The ´47 band was called the "Onyx-Band" and the 1948 band was called the "Roost-Band". 
 

And even more: His tenure with the Dizzy Gillespie Big Band. He even did scat together with Diz on stuff like "Ool-ya-Koo" if I remember right. 
And yeah, the 1956 Monk stuff. 

About his sound. It´s else than Jackie McLean though I didn´t hear only once that there are people who don´t like Jackie McLean or even Ernie Henry but I  LOVE that sound so much.

To my greatest pleasure, just recently I had the possiblity to meet a fantastic alto player those days during the course of a jam session. 

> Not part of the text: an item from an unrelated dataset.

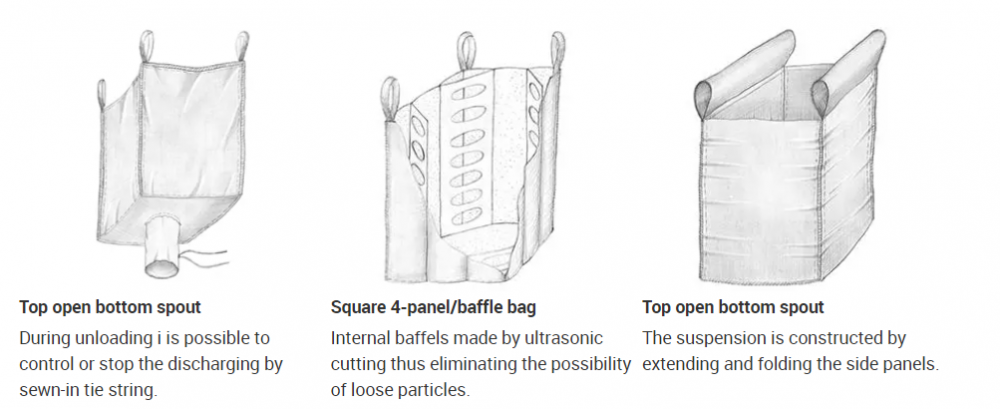 QQ图片20221025194420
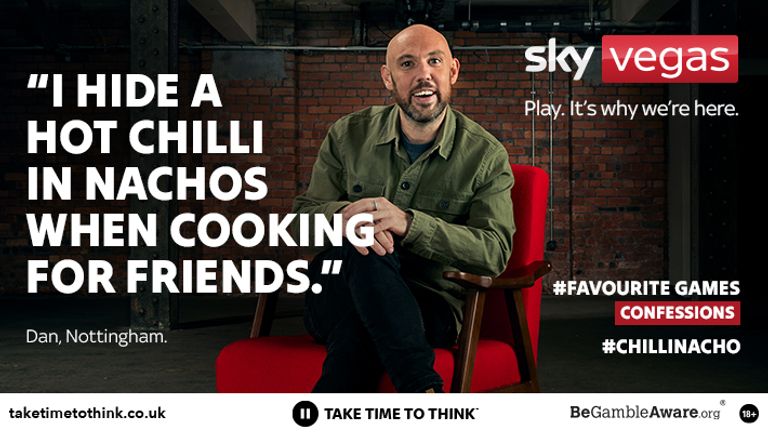 供了丰富的 供了丰富的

He just came into the club and had an alto with him. He was very heavy, at least like Fats Navarro in his best days. And he played !!!!! That´s it. It was only three tunes, a Parker-Blues, some "It Could Happen to you" and "Rhythm á Ning" and that Sound, that Phrasing , that gettin "A Step Beyond" , all that beauty , that stuff I like most , he was fantastic. Maybe a bit shy.... we asked him where he´s from and he was from the States. He still hold his alto in his hands when a female singer and a guitar player took over the stage proceedings. I don´t know his name I don´t know if he will stay in town, I don´t know nothin´else than that I really loved what he did, it was like if I would have played with an alter ego of McLean.....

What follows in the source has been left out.